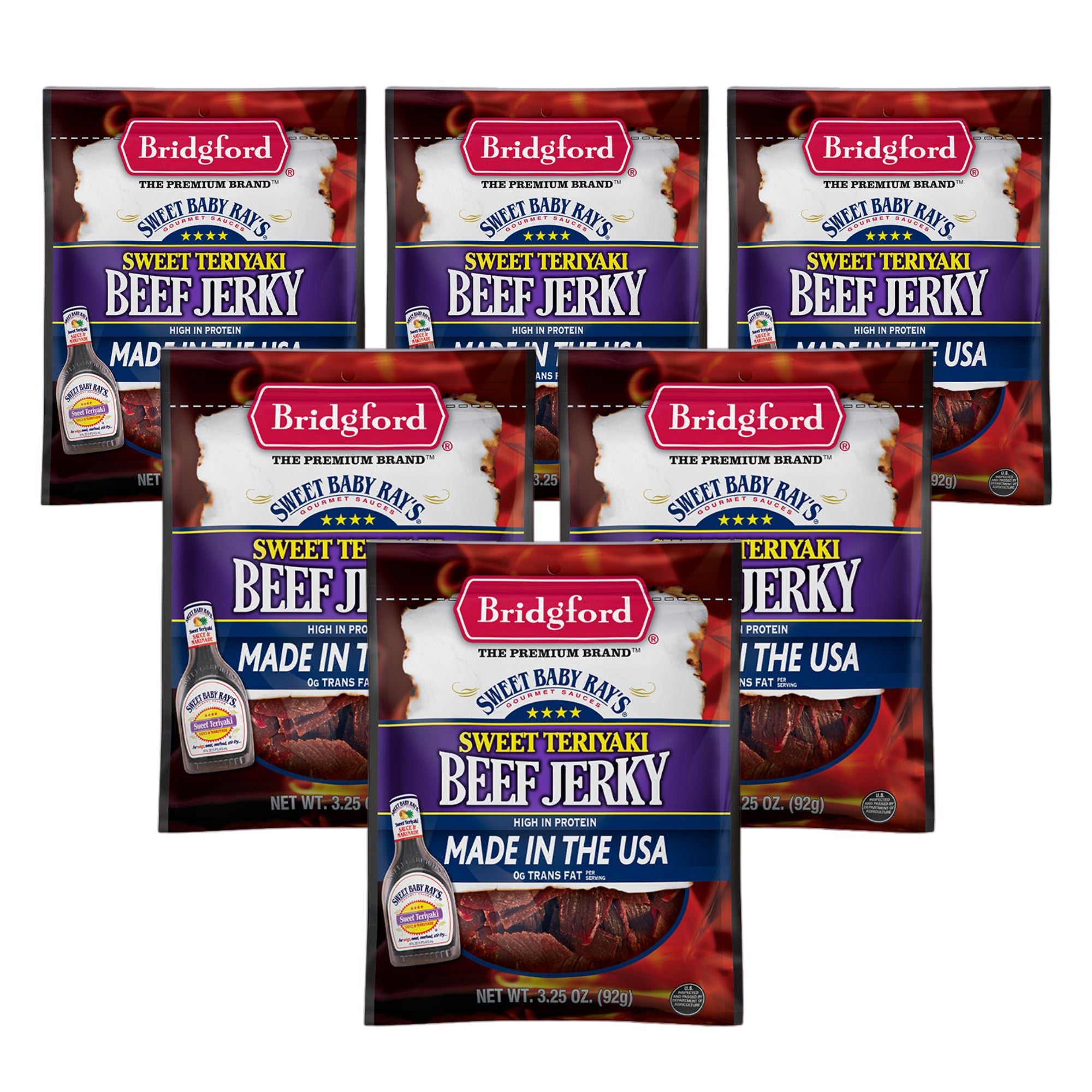 Beef Jerky Variety Pack (Original, Teriyaki, Honey BBQ, Sweet N Spicy) - 3.25 OZ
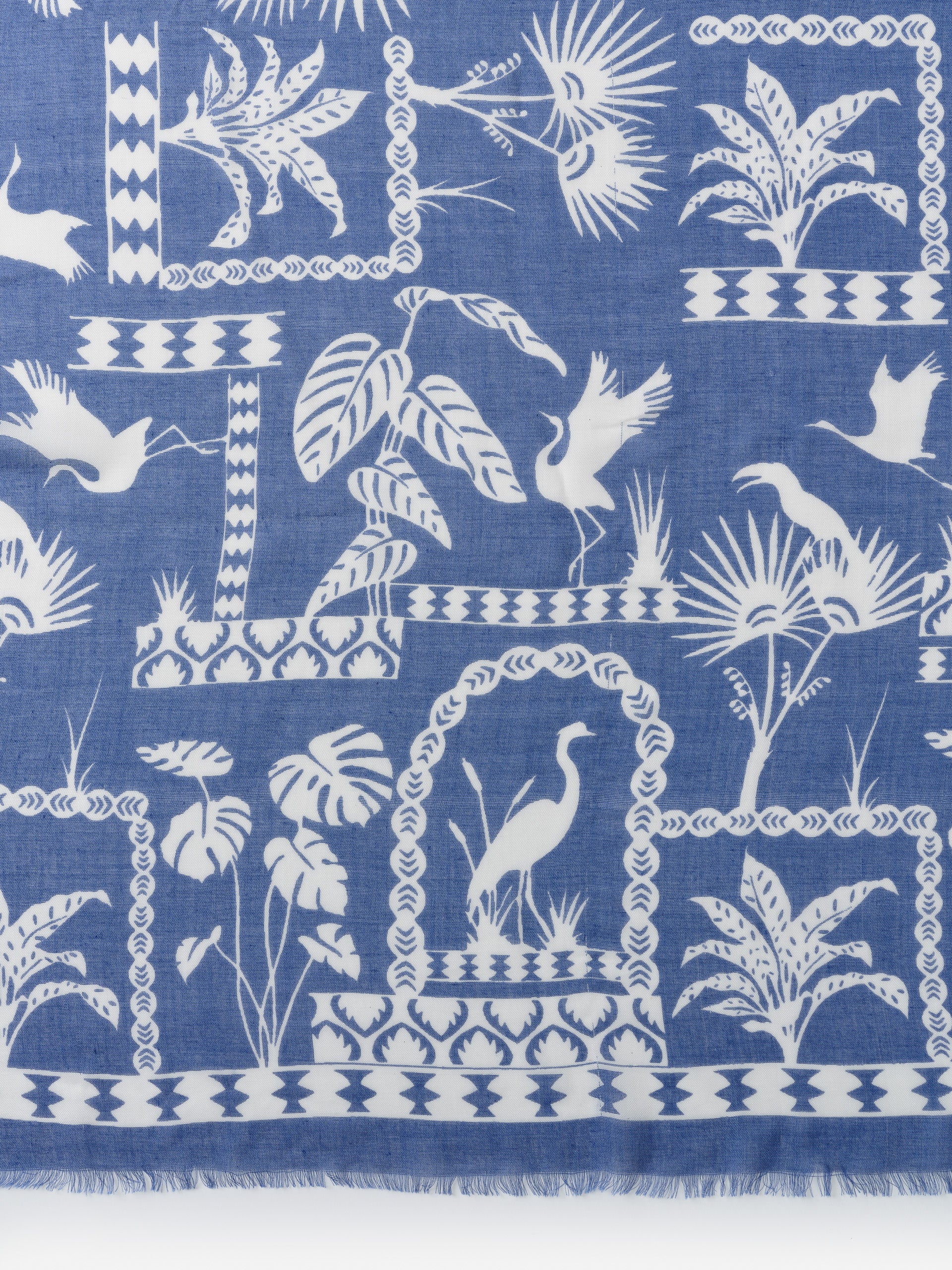 J.McLaughlin Giselle scarf in dark blue/white made with modal and silk.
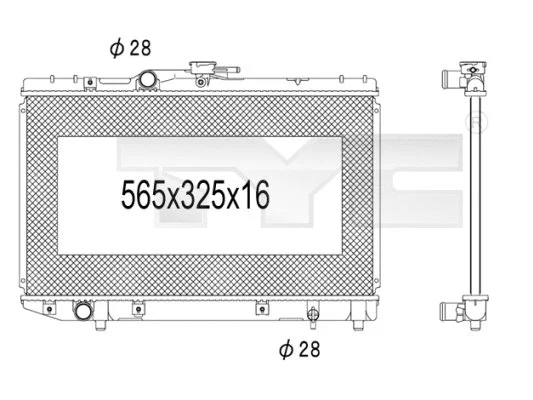Radiator, engine cooling (736-1026)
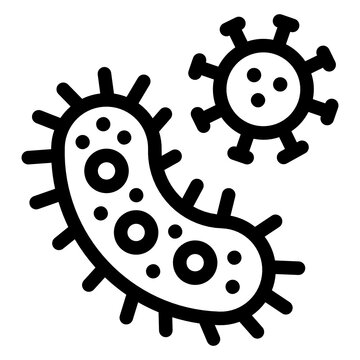 
Protozoa infection in linear editable icon
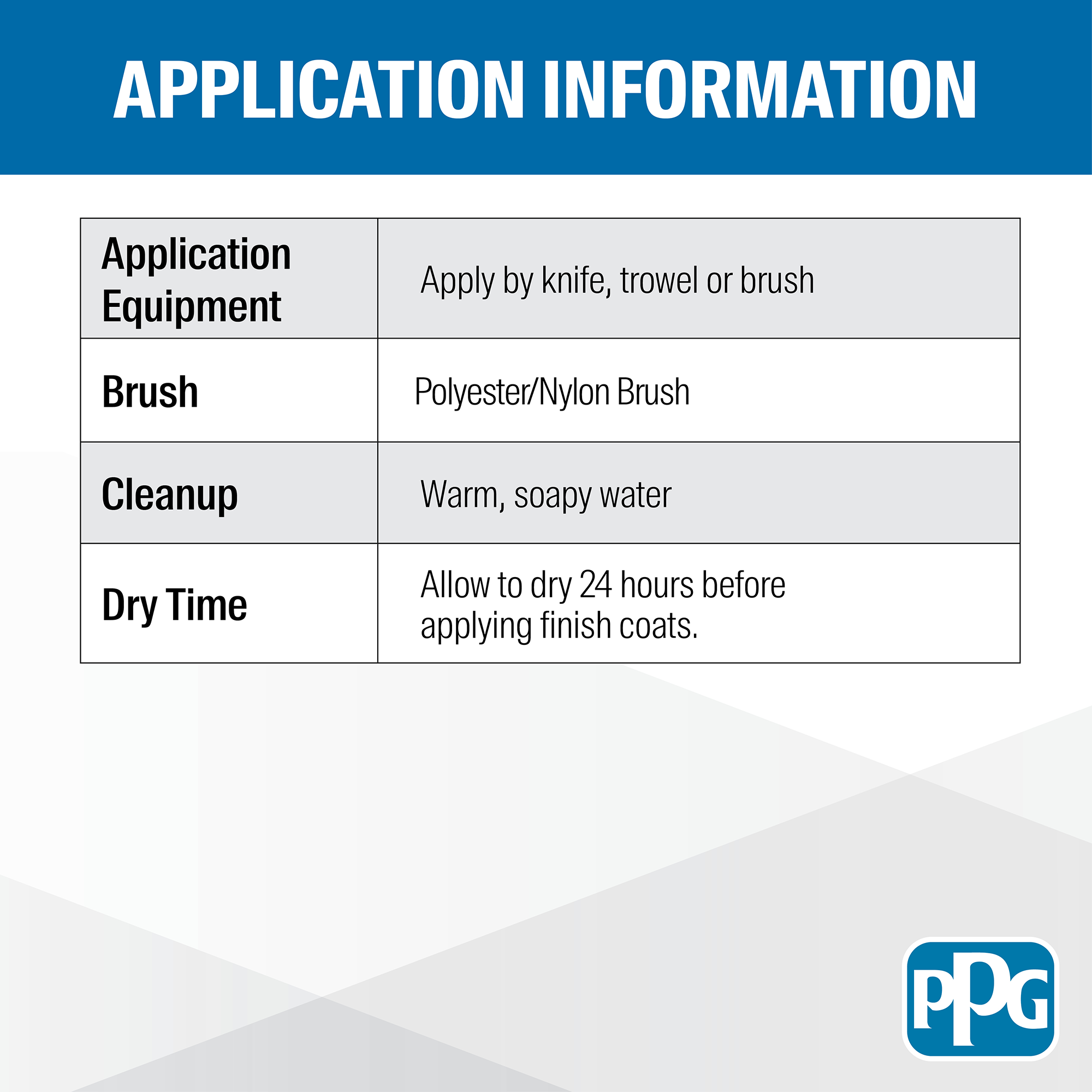 Pitt-Flex Elastomeric Patching Compound Application Info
________
> Work to be completed:
Each record above should be repeated exactly, please, without pictures.

> Exercise solution:
 Beef Jerky Variety Pack (Original, Teriyaki, Honey BBQ, Sweet N Spicy) - 3.25 OZ
 J.McLaughlin Giselle scarf in dark blue/white made with modal and silk.
Radiator, engine cooling (736-1026)
Protozoa infection in linear editable icon
 Pitt-Flex Elastomeric Patching Compound Application Info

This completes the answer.